#### [EXERCISE OBJECTIVE]
I need the lines from the one holding "Lacivert Slim Fit" to the last line of the data below repeated exactly, both included, without pictures.

#### [INFORMATION SHOWN]
○ ○ ○ ○ ○ ○ ○
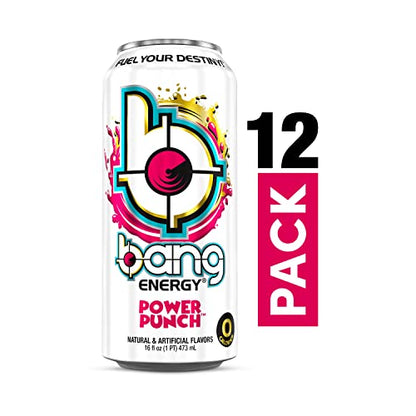 Bang Energy Power Punch, Sugar-Free Energy Drink, 16-Ounce (Pack of 12) BANGUS supplements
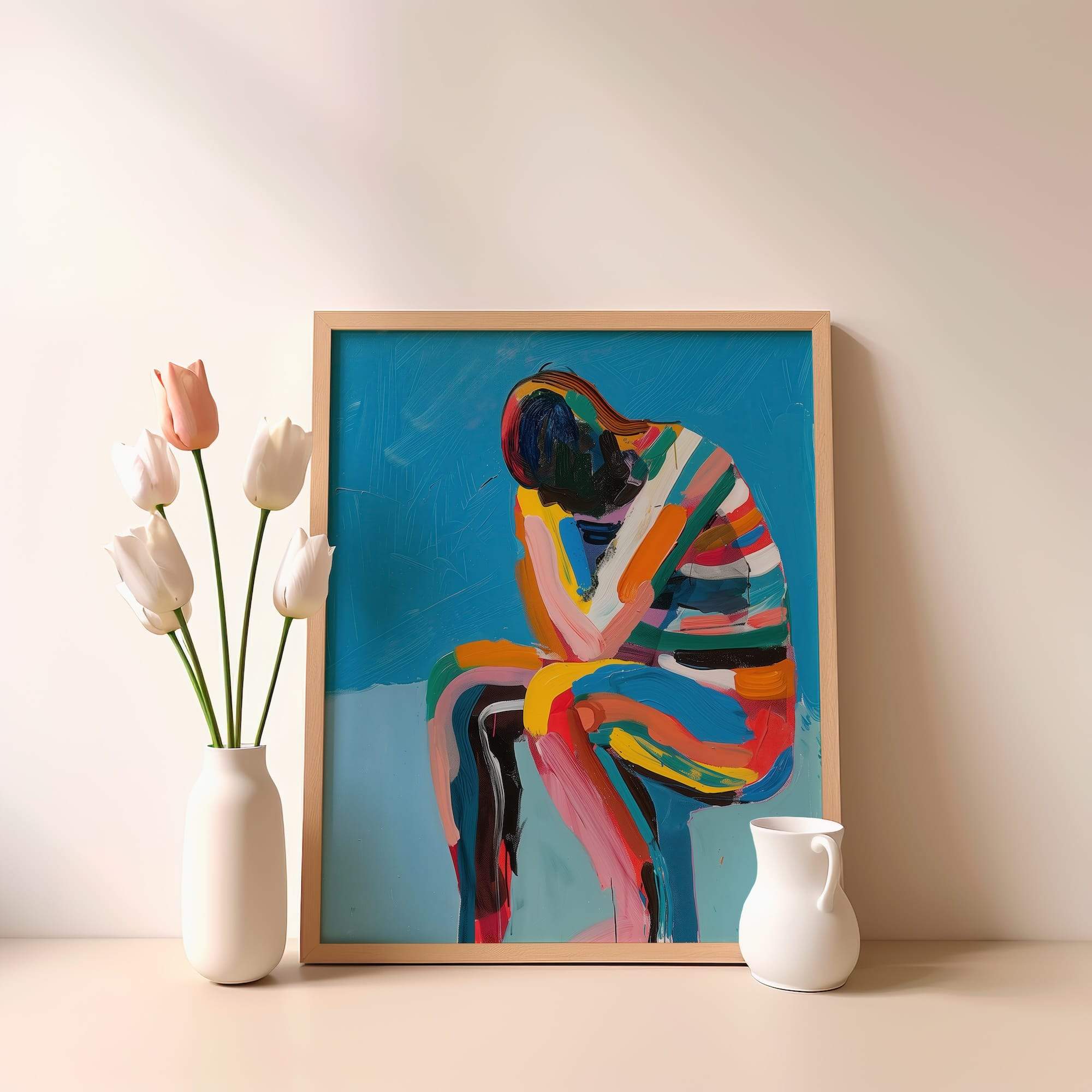 Blue Thoughts Pose Matte Poster Print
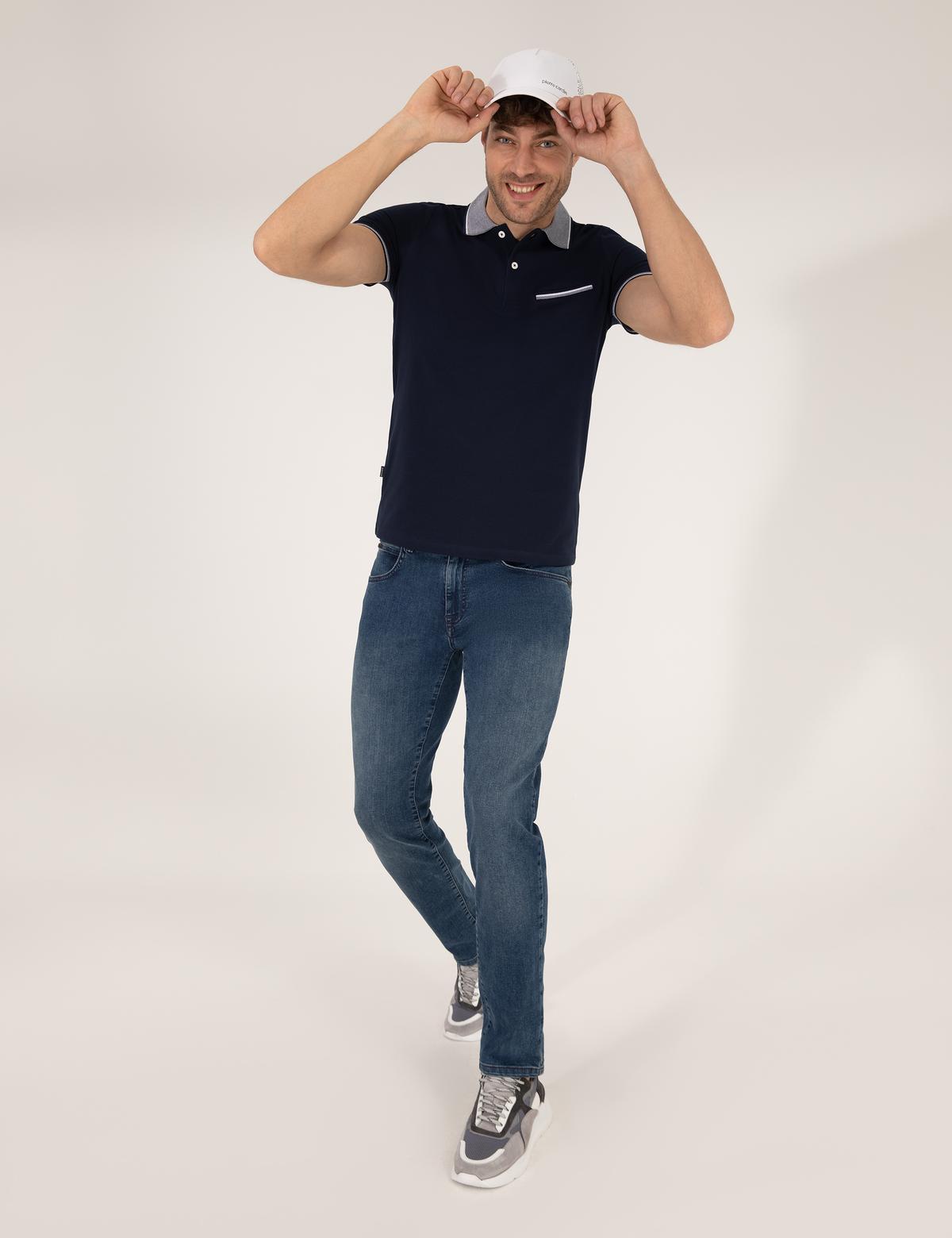 Lacivert Slim Fit Cepli Polo Yaka Tişört - 50274686005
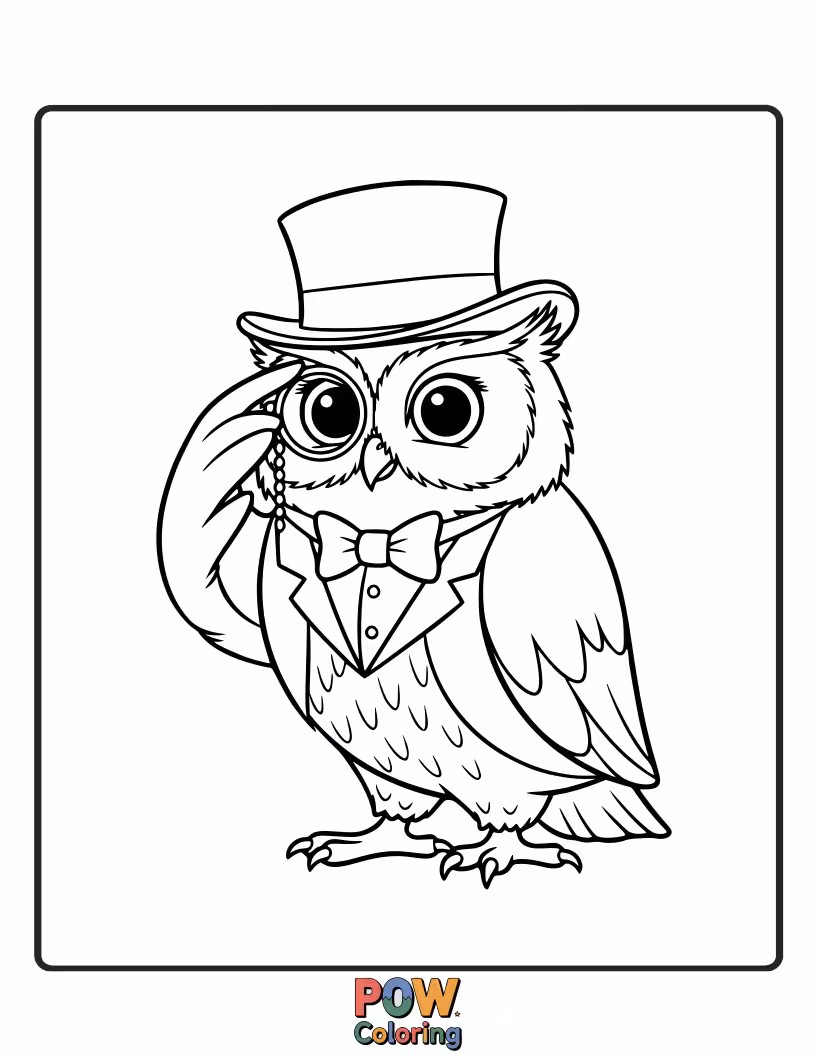 Free coloring page of A distinguished owl in a top hat and bowtie, holding a monocle, ready for a formal affair.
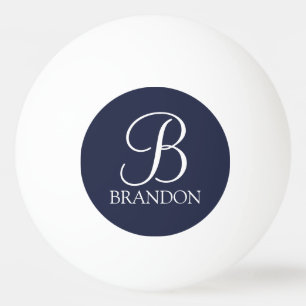 Navy Blue Personalisiert Script Monogram und Name Tischtennisball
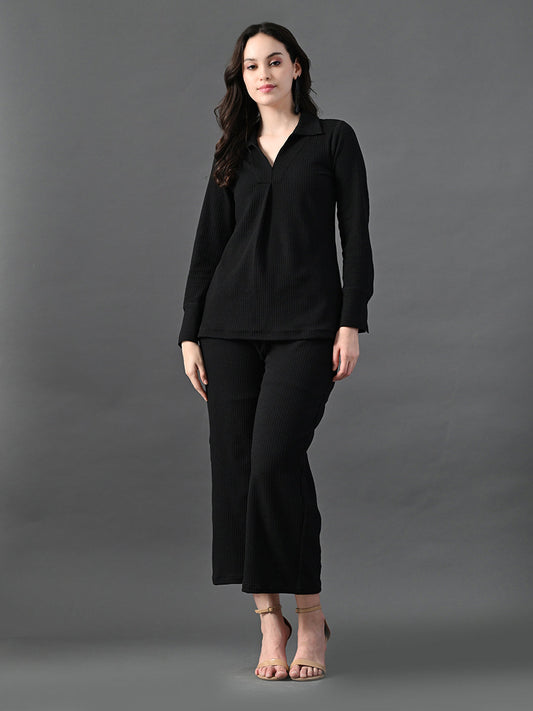 Myshka Women's Black Everyday Lounge Set - Swadesiicart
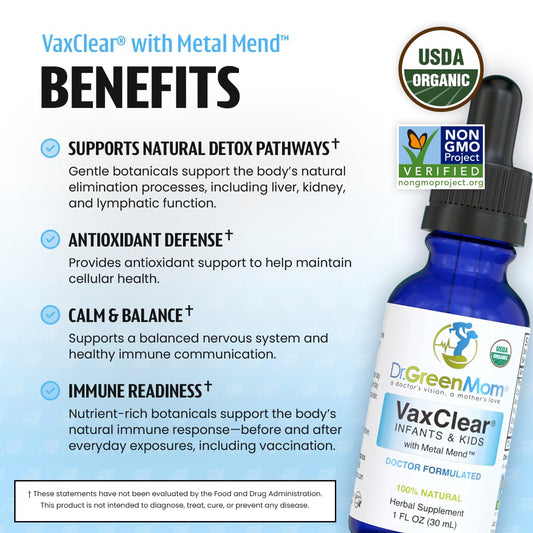 Dr. Green Mom VaxClear herbal liquid supplement bottle dropper detail
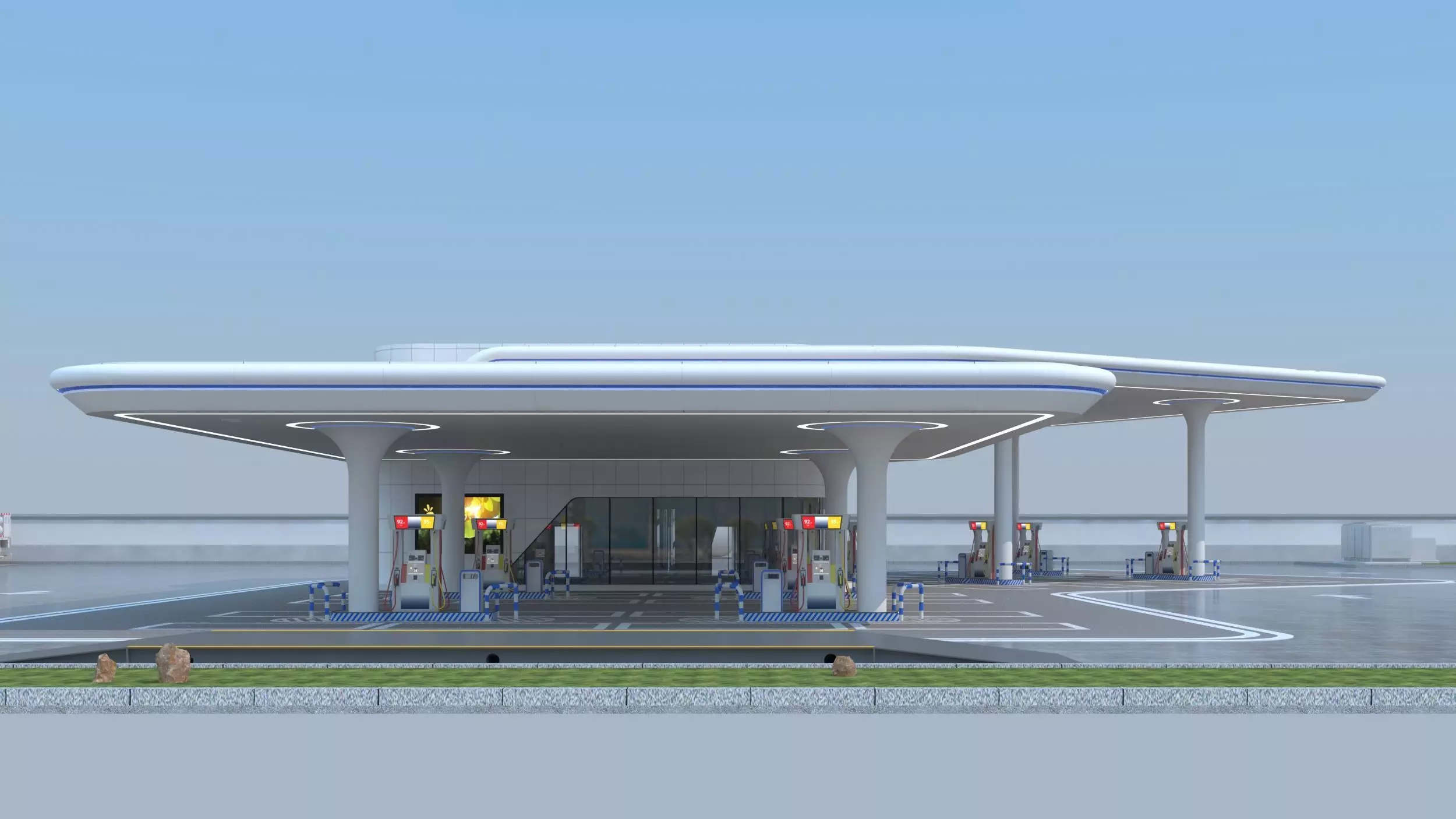 Gas station 3D model_5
○ ○ ○ ○ ○ ○ ○
#### [YOUR RESPONSE]
 Lacivert Slim Fit Cepli Polo Yaka Tişört - 50274686005
 Free coloring page of A distinguished owl in a top hat and bowtie, holding a monocle, ready for a formal affair.
 Navy Blue Personalisiert Script Monogram und Name Tischtennisball
 Myshka Women's Black Everyday Lounge Set - Swadesiicart
 Dr. Green Mom VaxClear herbal liquid supplement bottle dropper detail
 Gas station 3D model_5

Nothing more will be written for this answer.